Variable Precision DSP Blocks User Guide: Agilex™ 5 FPGAs and SoCs

ID 813968
Date 4/01/2024
Public
Document Table of Contents

2.3.1.2. Side Input Feed Preloading Method

The side input feed preloading method preloads the 80-bit weight data and 8-bit shared exponent data into the ping-pong buffers using data_in[87:80] and data_in[95:88] buses. The preloading process takes 12 cycles to complete preloading for one set of ping-pong buffers or 24 cycles to complete the preloading of two sets of ping-pong buffers. The weight and shared exponent data are preloaded independently even if the DSP blocks are cascaded. This enables the tensor computation to continue while the second and subsequent sets are preloaded. The following figure shows the dataflow for side input feed.

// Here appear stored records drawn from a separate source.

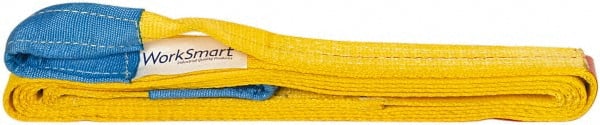 Value Collection - 10' Long x 2" Wide, 3,200 Lb Vertical Capacity, 1 Ply, Polyester Web Sling - 2,500 Lb Choker Capacity, with Eye & Eye (Twisted) - Exact Tooling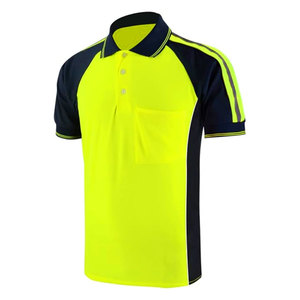 Polo de alta visibilidad de poliéster transpirable Polo de seguridad de malla de refrigeración de manga larga y corta con función térmica y bolsillo - Product Image 4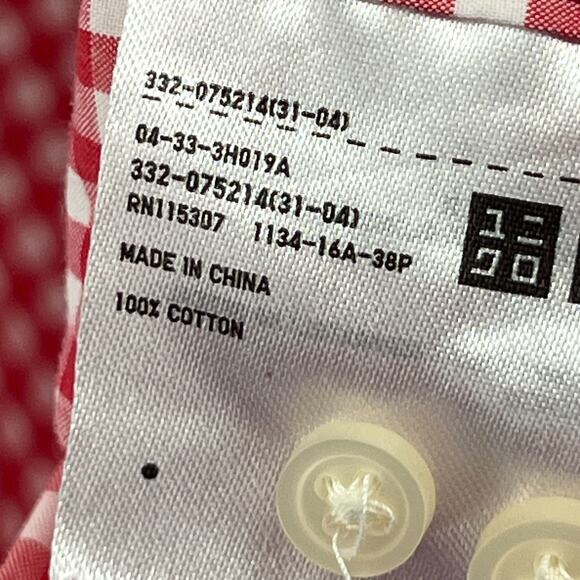 UNIQLO Shirt Mens L Gingham Check Button Up Long Sleeve Woven Cotton Red - Picture 11 of 15
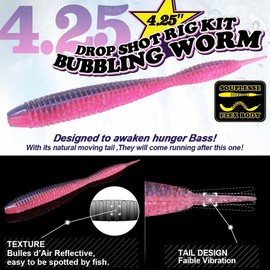 Drop Shot Rigs for Bass Fishing Ready Rig with Hooks and Sinker Weights (Hook Size 1-Weight 1/4 oz-Qty 5)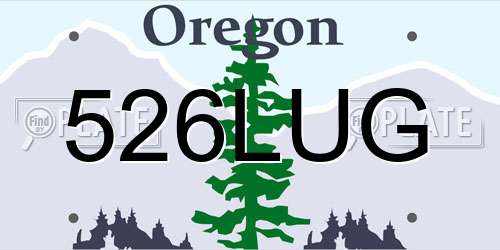 526LUG Oregon License Plate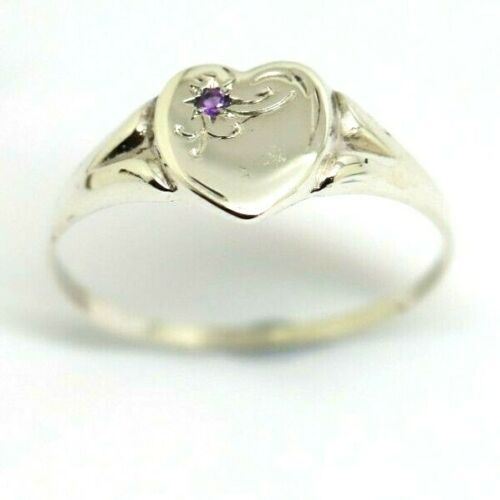 Size T Genuine Large Sterling Silver Heart Set with Amethyst Signet Ring 265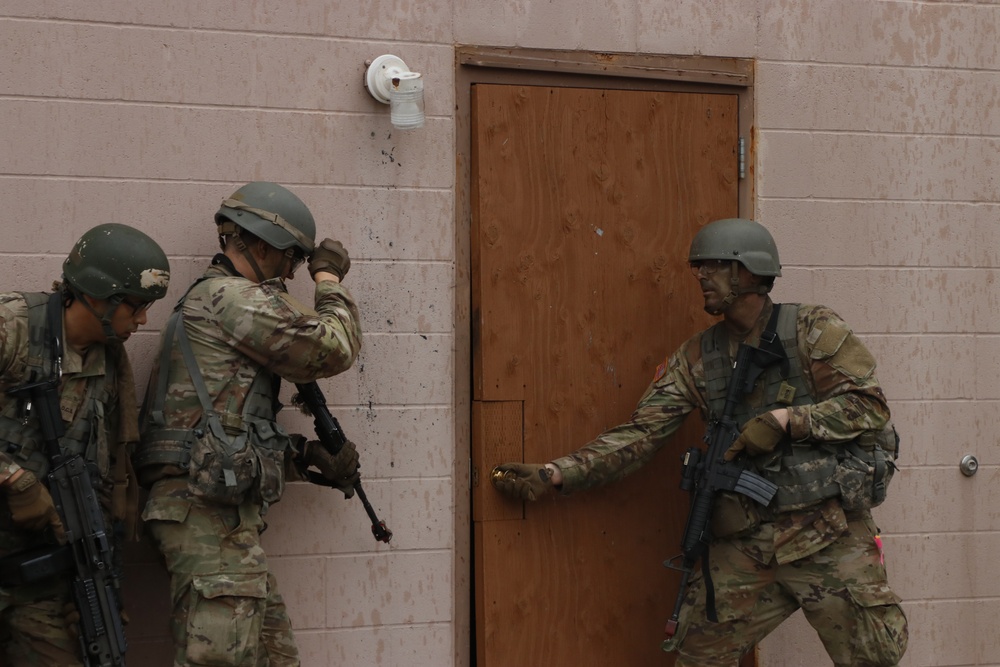 Officer candidates assault a mock city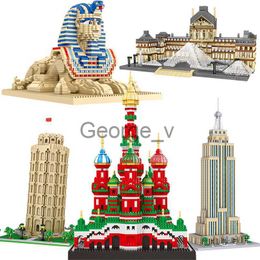 Blocks Blocks City Architecture Louvre Museum Empire State Building Blocks Notre Dame Micro Bricks Set Pyramid Saint Basils Cathedral Model J240307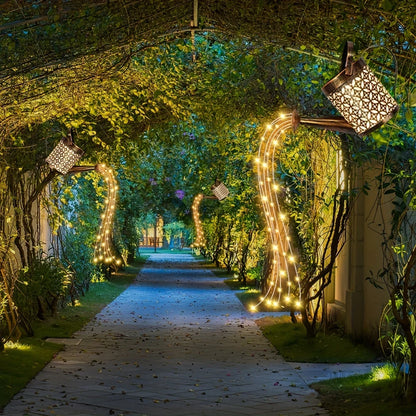 Outdoor Solar Watering Can Lights with Star Shower Effect - LED String Lights for Garden, Patio, Pathway, or Christmas Decor - Without Pole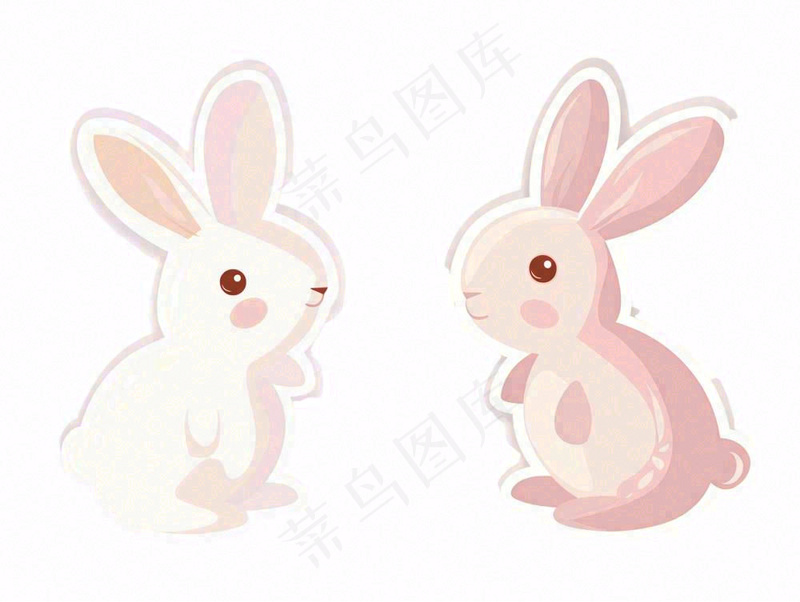 小白兔动物卡通插画免抠(1232x928)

Figure 20. Dataflow for Side Input Feed MethodThe feed paths are highlighted in red in this figure.
Figure 21. Side Input Feed Method Timing Diagrams
  1. In cycle 1 to 12, the dynamic control signals are set as follow:
    • load_bb_one = 1’b1 and load_bb_two = 1’b0 to preload the weight and shared exponent data into the first set of ping-pong buffers
    • load_buf_sel = 1’b0 to not switch the ping-pong buffers
  2. In cycle 13 to cycle 24, the DSP block takes the activation data and the shared exponents from data_in[79:0] and shared_exponent[7:0] respectively. The N represents the cycle number for the DSP block to complete loading the activation data and the shared exponents. The load_buf_sel is set to 1’b0 to disable the ping-pong buffers loading. The DSP block takes the loaded weights from the first set of ping-pong buffers for DOT product computations.
  3. Simultaneously, in cycle 13 to 24, the dynamic control signals are set as follow:
    • load_bb_one = 1’b0 and load_bb_two = 1’b1 to preload the weight and shared exponent data into the second set of ping-pong buffers
    • load_buf_sel = 1’b0 to not switch the ping-pong buffers
  4. From cycle N+1 to cycle 2N+1, the DSP block takes the activation data and the shared exponents from data_in[79:0] and shared_exponent[7:0]. The load_buf_sel is set to 1’b1 to switch to the data in the second set of ping-pong buffers for DOT product computations.
  5. The overall process repeats when all the data in the ping-pong buffers have been processed.